## Problem
What you give back should be exactly the lines from the one with "structure, CAS 2649308-15-4" through the final line of the material, pictures removed; please add nothing.

* * * * * * *

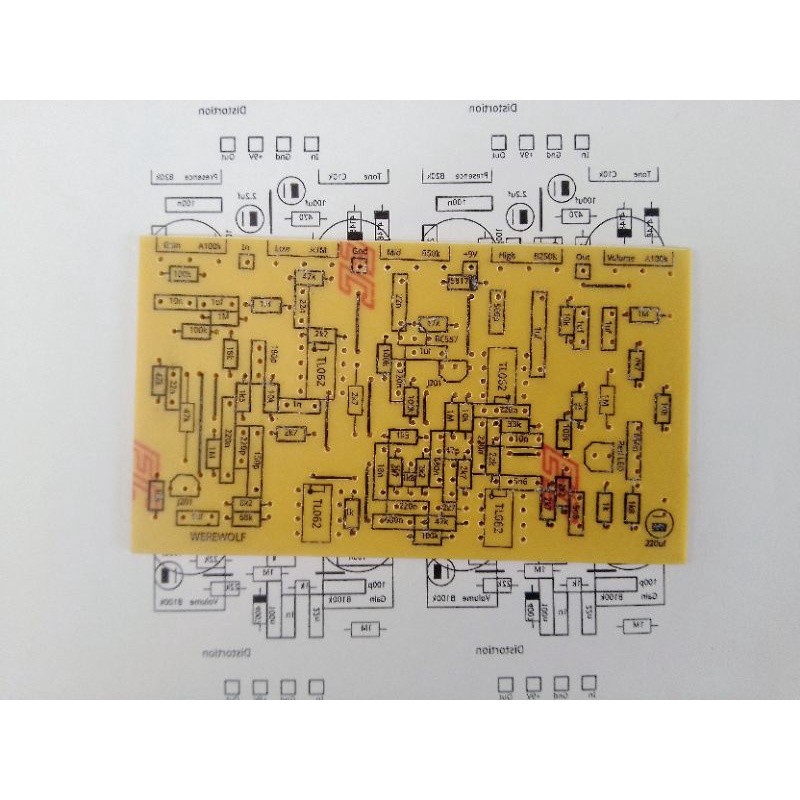 PCB EFEK GITAR OVERDRIVE WEREWOLF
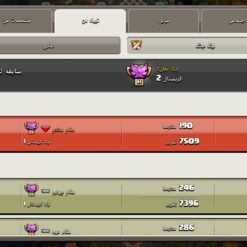 خرید کلن کلش لول 14 وارلیگ کریستال کد 402031 7 خرید کلن کلش لول 14 وارلیگ کریستال کد 402031 - Image 4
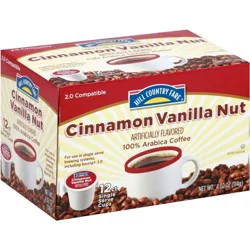Hill Country Fare Cinnamon Vanilla Nut Single Serve Coffee Cups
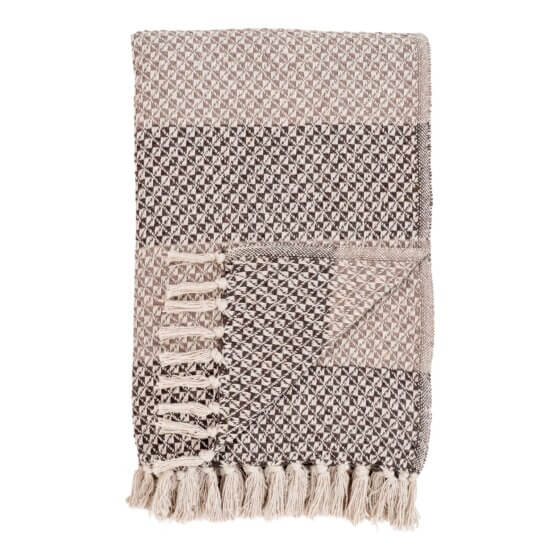 Belek Plaid - Plaid, brun/beige 130x180 cm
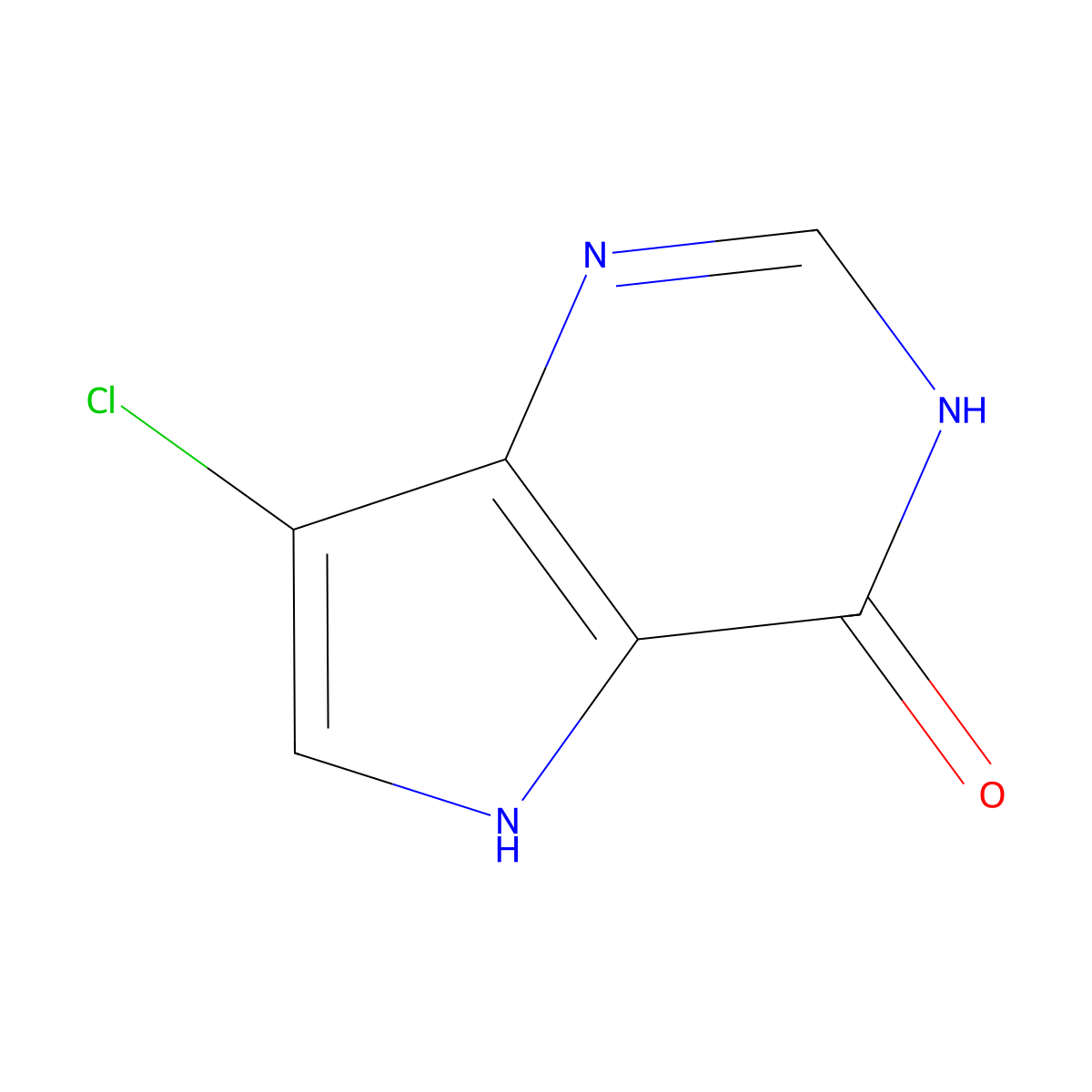 7-Chloro-3,5-dihydro-pyrrolo[3,2-D]pyrimidin-4-one molecular structure, CAS 2649308-15-4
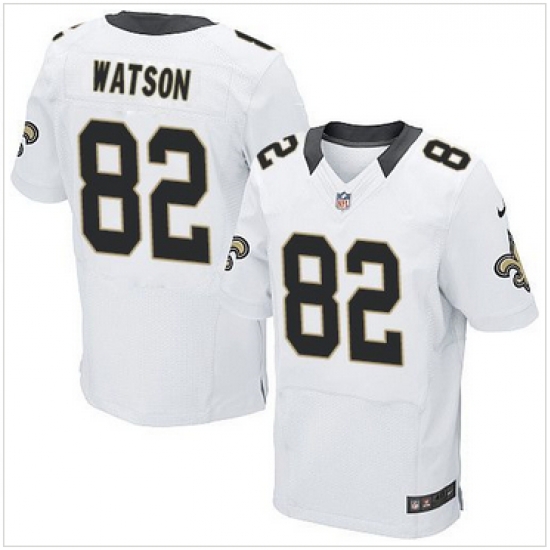 Nike New Orleans Saints #82 Benjamin Watson White Mens Stitched NFL Elite Jersey Nike New Orleans Saints #82 Benjamin Watson White Mens Stitched NFL Elite Jersey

* * * * * * *

## Answer box
 7-Chloro-3,5-dihydro-pyrrolo[3,2-D]pyrimidin-4-one molecular structure, CAS 2649308-15-4
 Nike New Orleans Saints #82 Benjamin Watson White Mens Stitched NFL Elite Jersey Nike New Orleans Saints #82 Benjamin Watson White Mens Stitched NFL Elite Jersey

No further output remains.